* _TASK TO CARRY OUT_
Your copy begins at the line with "Tente pour chien pop-up K9 Kennel" and runs through the end of the data below. Set down only those lines exactly, without pictures.

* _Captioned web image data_
* * * *

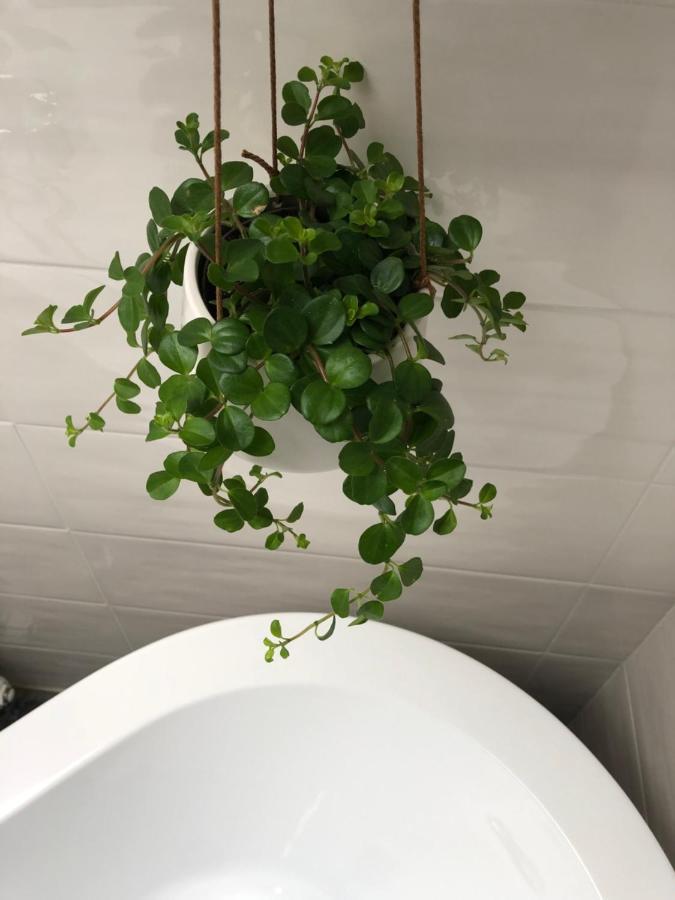 Gattaglio 22 Guest House 레조넬에밀리아 외부 사진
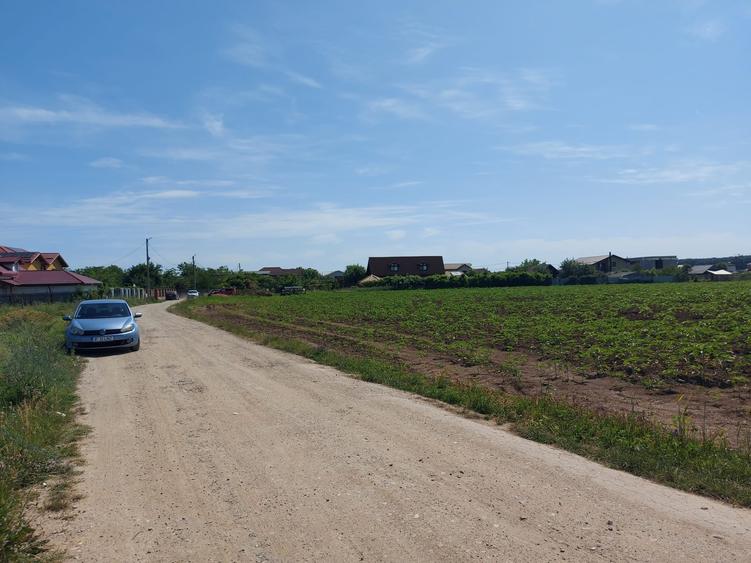 8.500 mp, cu deschidere la padure, dublă deschidere, Snagov –Ghermanesti - 5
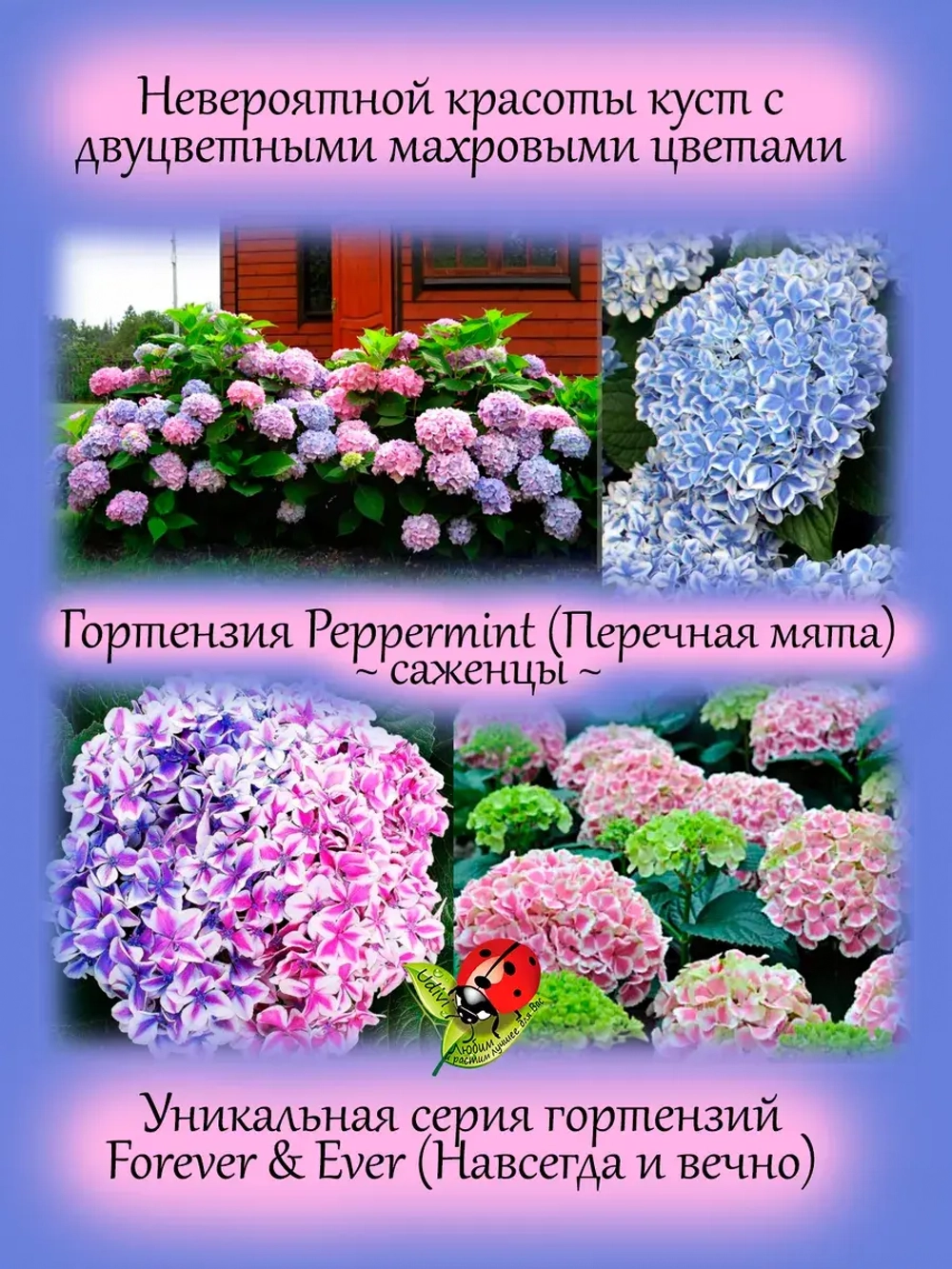 Гортензия Пепперминт двухцветная крупнолистовая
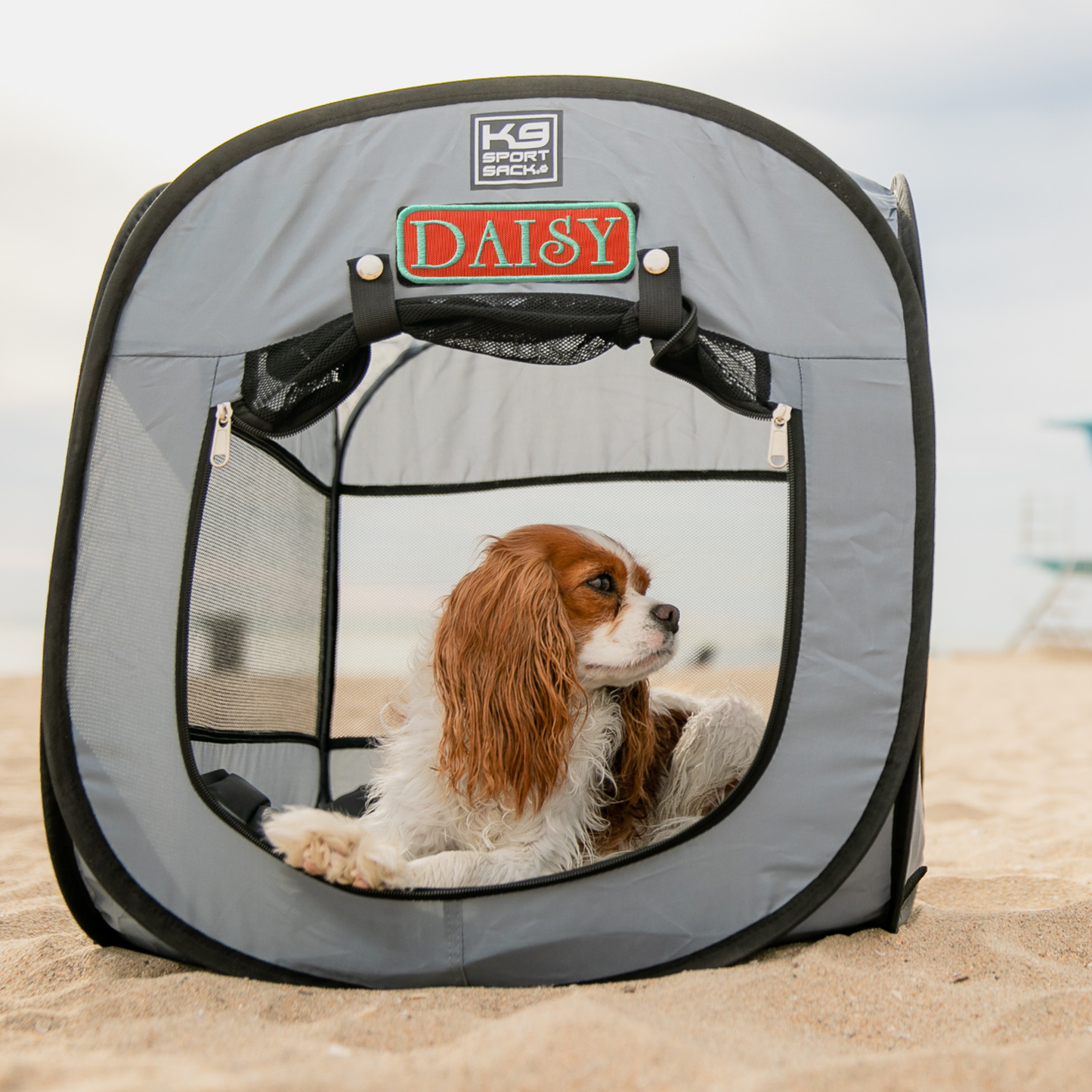Tente pour chien pop-up K9 Kennel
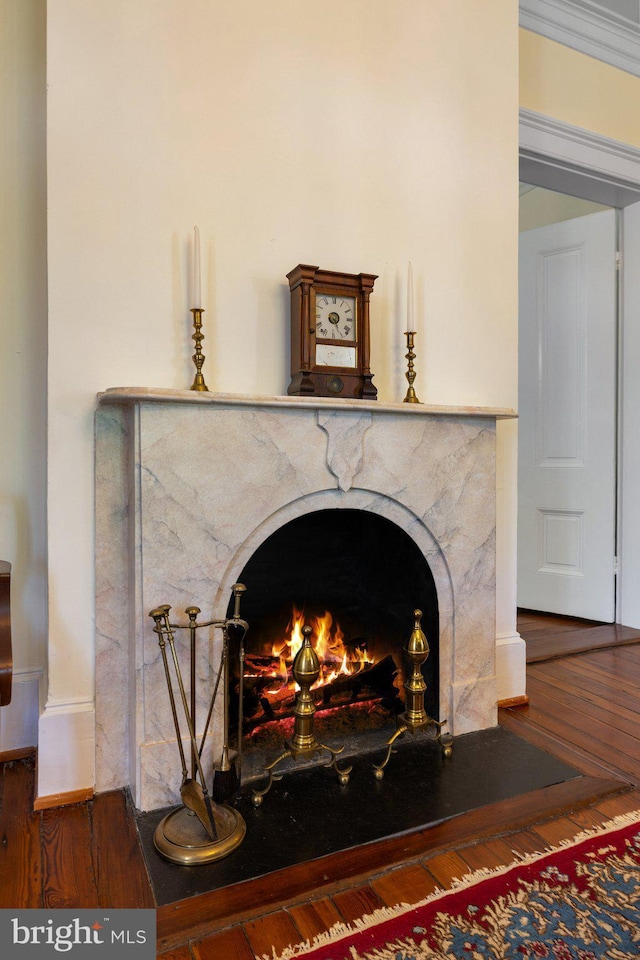 detailed view of wood finished floors, a high end fireplace, and baseboards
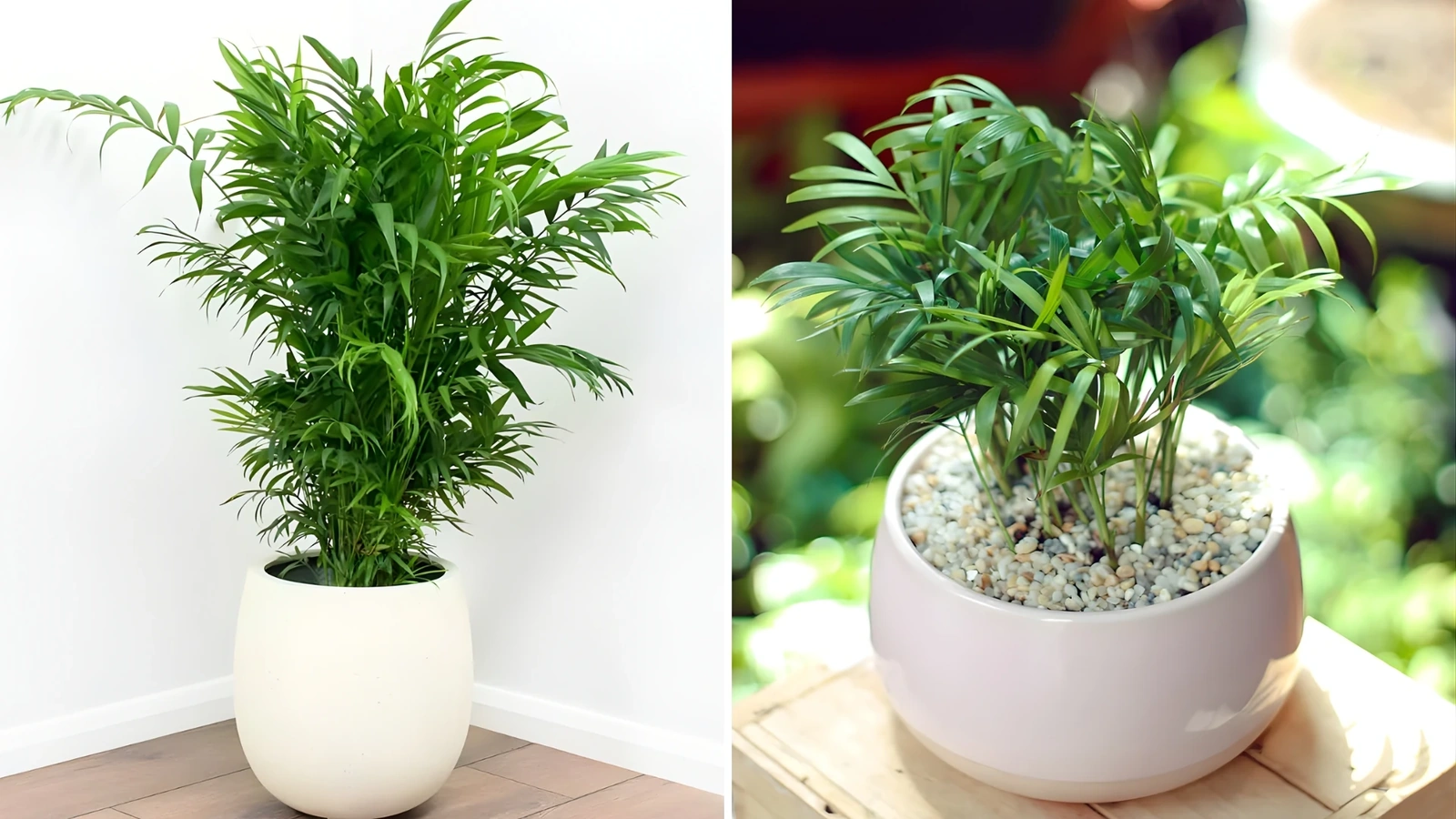 5 loại cây cần có trong văn phòng hiện đại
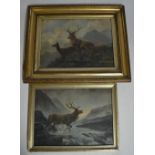 2 framed glazed prints of Stags and wild Deer. Smaller size:51x38.2cm Larger size:63x50.4cm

* * * *

* _RESPONSE FOR THIS EXERCISE_
Tente pour chien pop-up K9 Kennel
 detailed view of wood finished floors, a high end fireplace, and baseboards
 5 loại cây cần có trong văn phòng hiện đại
 2 framed glazed prints of Stags and wild Deer. Smaller size:51x38.2cm Larger size:63x50.4cm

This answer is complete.